Captioned web images
____

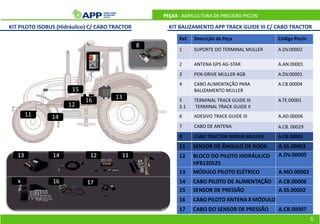KIT BALIZAMENTO APP TRACK GUIDE III C/ CABO TRACTOR
Ref. Descrição da Peça Código Piccin
1 SUPORTE DO TERMINAL MULLER A.DV.00002
2 ANTENA GPS AG-STAR A.AN.00001
3 PEN-DRIVE MULLER 4GB A.DV.00001
4 CABO ALIMENTAÇÃO PARA
BALIZAMENTO MULLER
A.CB.00004
5
5.1
TERMINAL TRACK GUIDE III
TERMINAL TRACK GUIDE II
A.TE.00001
6 ADESIVO TRACK GUIDE III A.AD.00006
7 CABO DE ANTENA
10 MÓDULO PILOTO ELÉTRICO
5
PEÇAS - AGRICULTURA DE PRECISÃO PICCIN
A.CB. 00029
14 CABO PILOTO DE ALIMENTAÇÃO A.CB.00006
15 SENSOR DE PRESSÃO A.SS.00002
16 CABO PILOTO ANTENA X MÓDULO
17 CABO DO SENSOR DE PRESSÃO A.CB.00007
8 CABO TRACTOR ISOBUS MULLER A.CB.00003
KIT PILOTO ISOBUS (Hidráulico) C/ CABO TRACTOR
13
11
12
14
16
15
8
13
12 BLOCO DO PILOTO HIDRÁULICO
HFB120525
11 SENSOR DE ÂNGULO DE RODA A.SS.00003
A.DV.00005
A.MO.00002
 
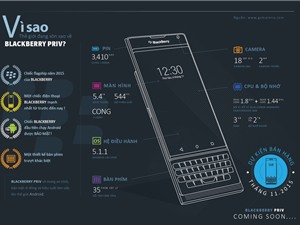 BlackBerry Priv chính hãng sẽ sớm có mặt ở Việt Nam 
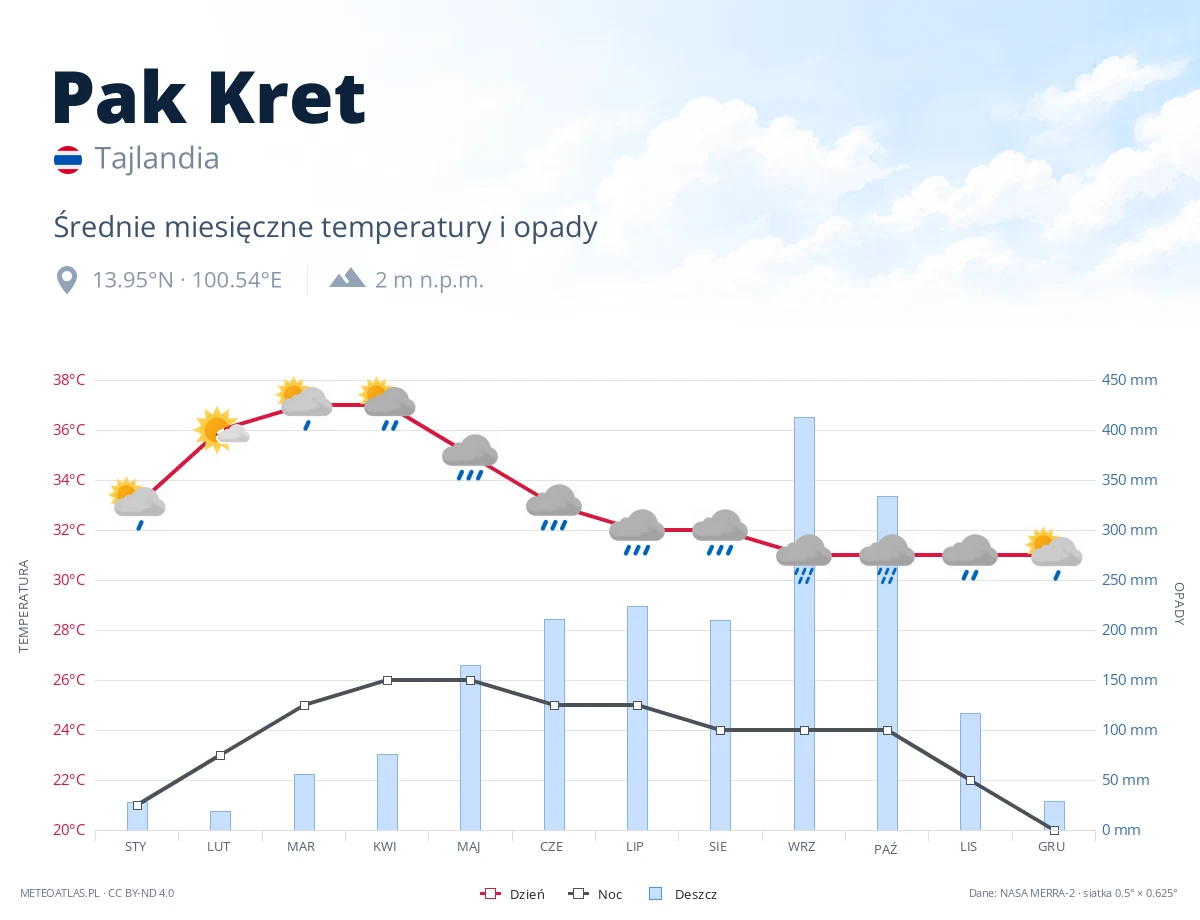 Pak Kret - średnie miesięczne temperatury i opady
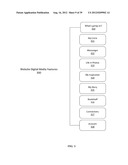 Digital Media and Social Networking System and Method diagram and image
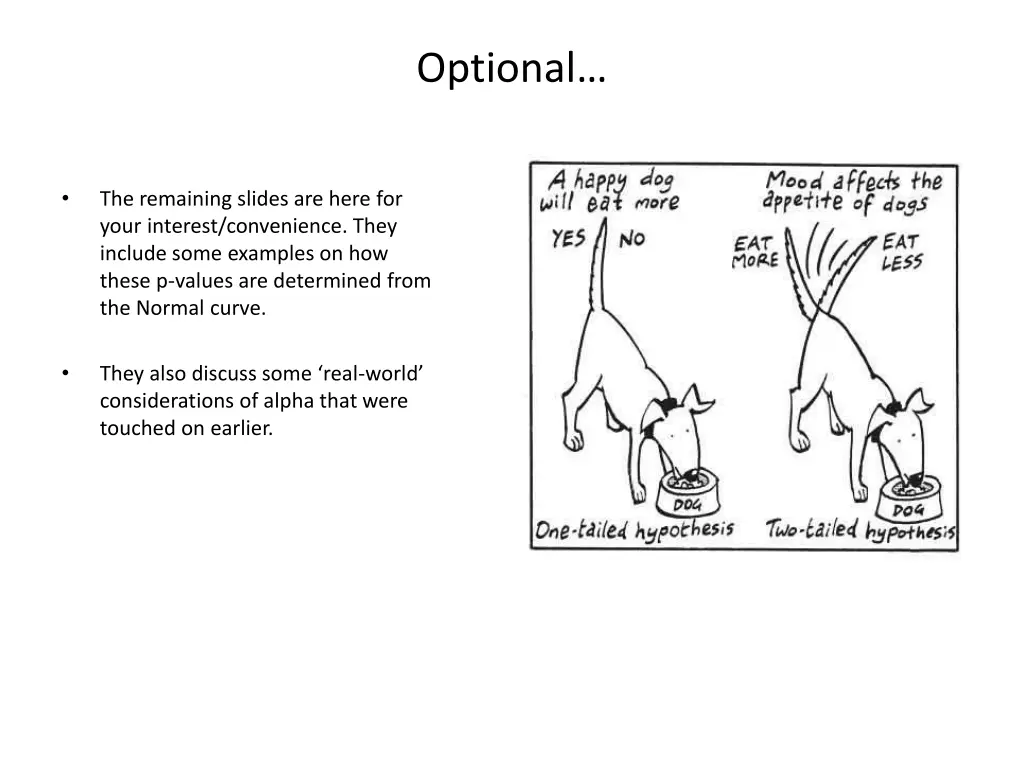 optional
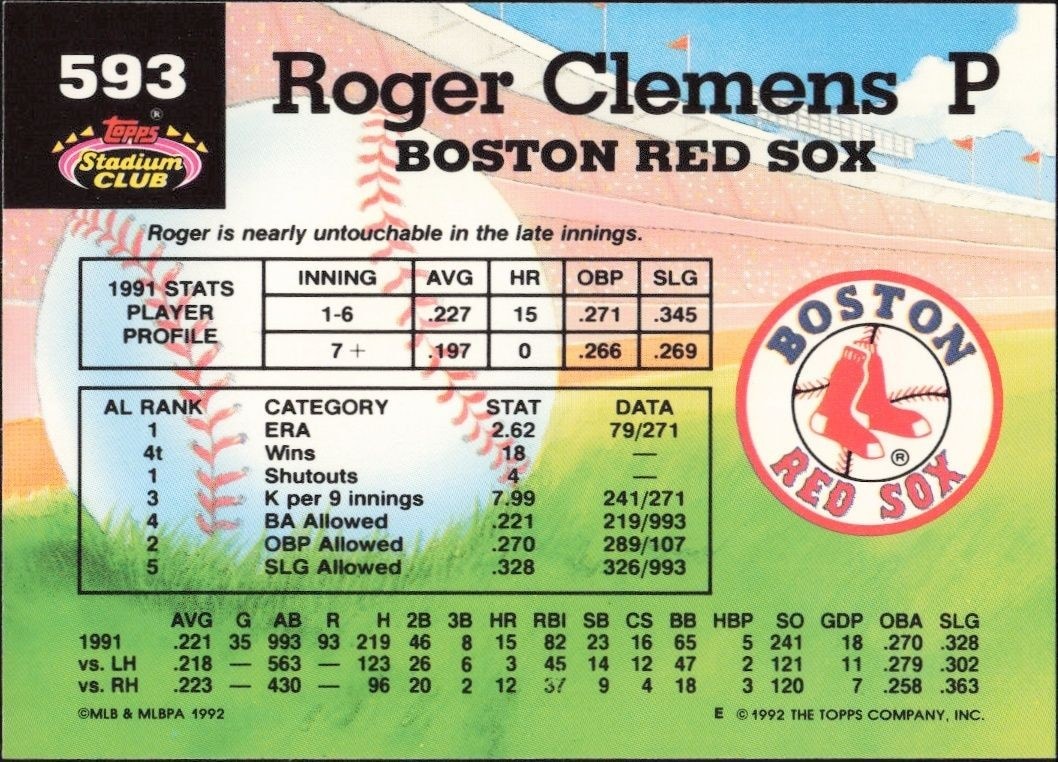 1992 Topps Stadium Club Roger Clemens #593 baseball trading card back
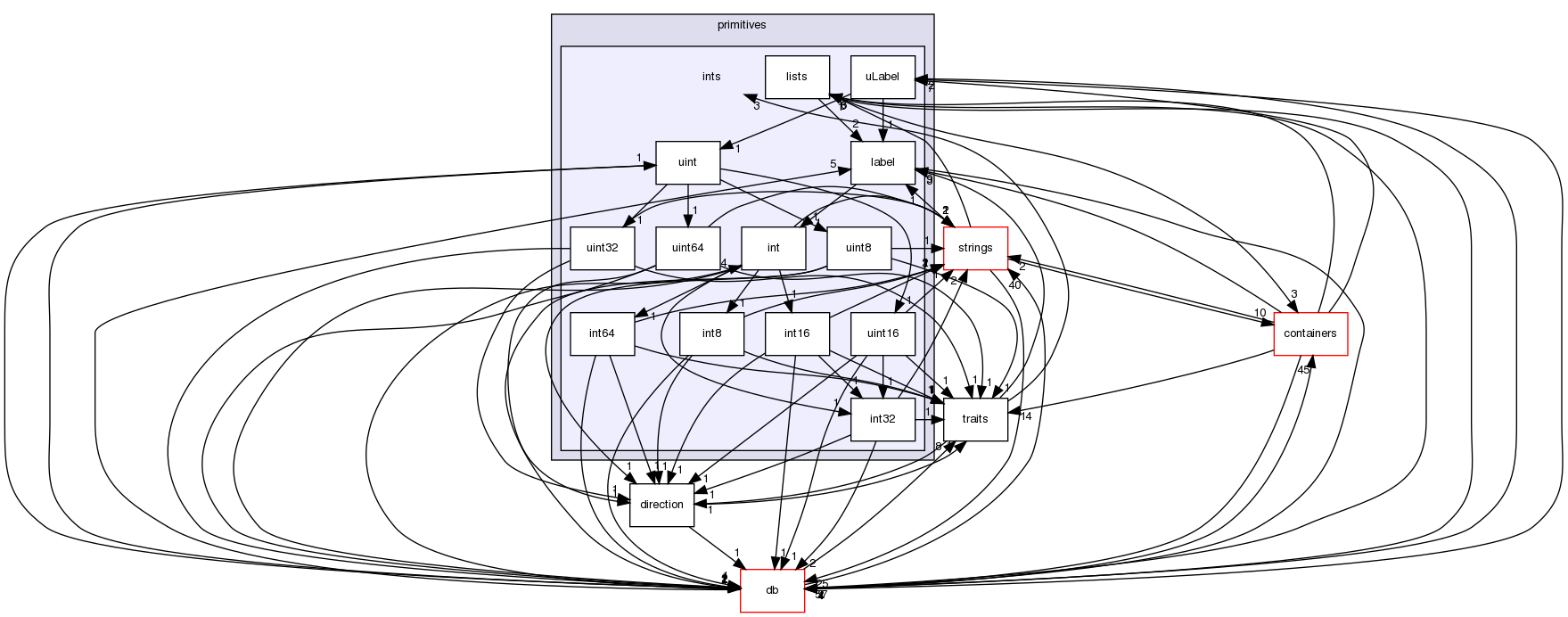 src/OpenFOAM/primitives/ints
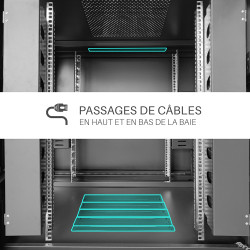 Baie de brassage réseau 42U noire 800x800 montée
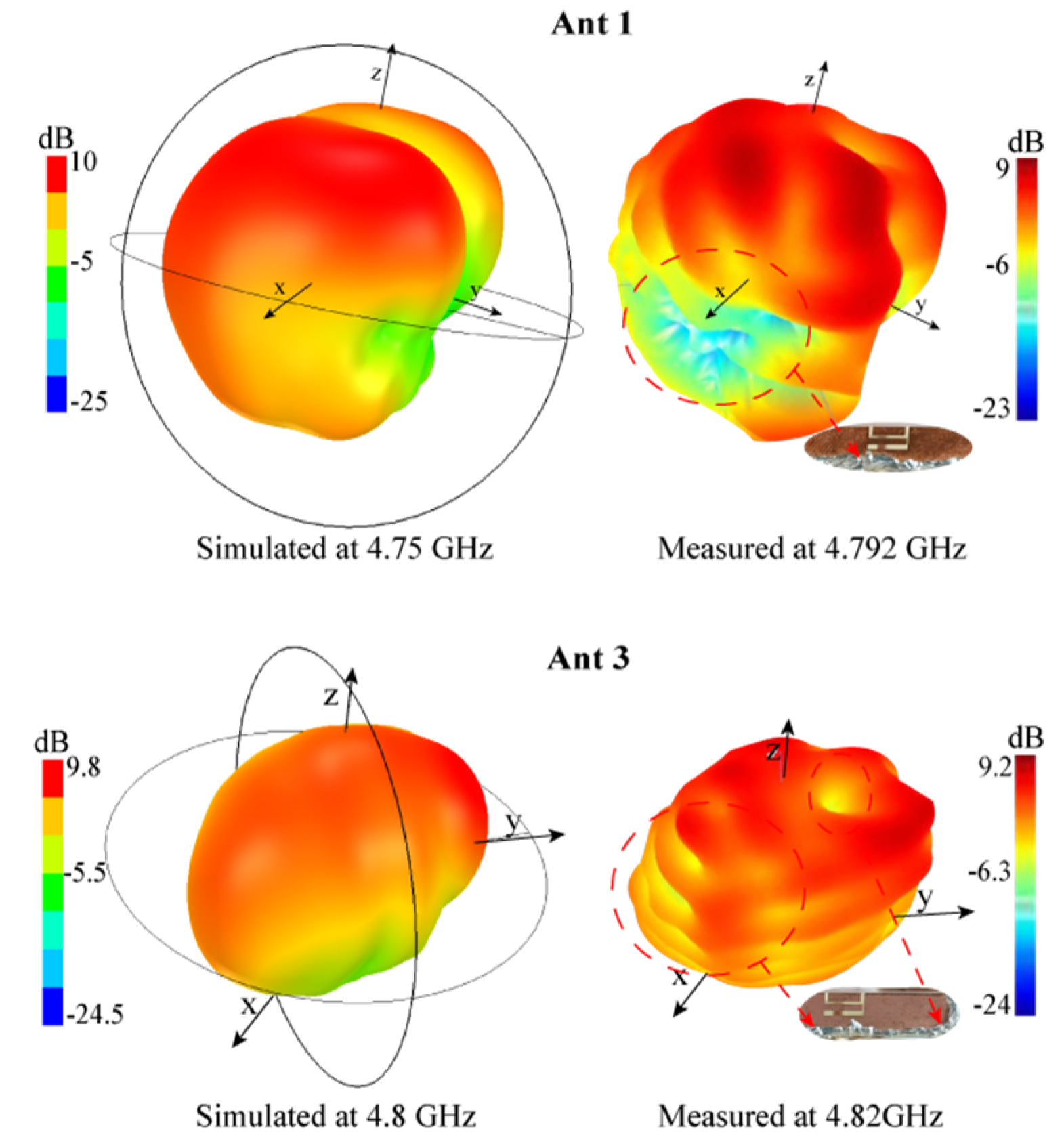Micromachines 13 01064 g017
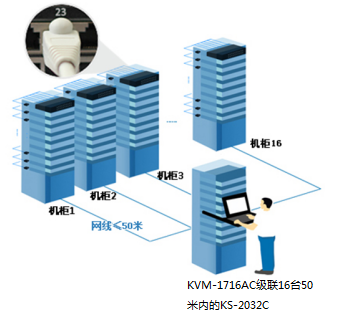 LCD CAT5 KVM 16口切换器新应用(图1)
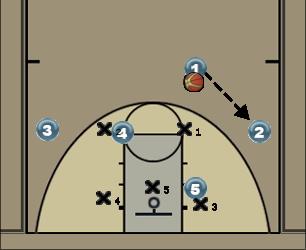 Basketball Play Stack Zone Set Uncategorized Plays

____

#### [Assignment]
Return every line holding the word "ISOBUS" from the records.

#### [Answer section]
8 CABO TRACTOR ISOBUS MULLER A.CB.00003
KIT PILOTO ISOBUS (Hidráulico) C/ CABO TRACTOR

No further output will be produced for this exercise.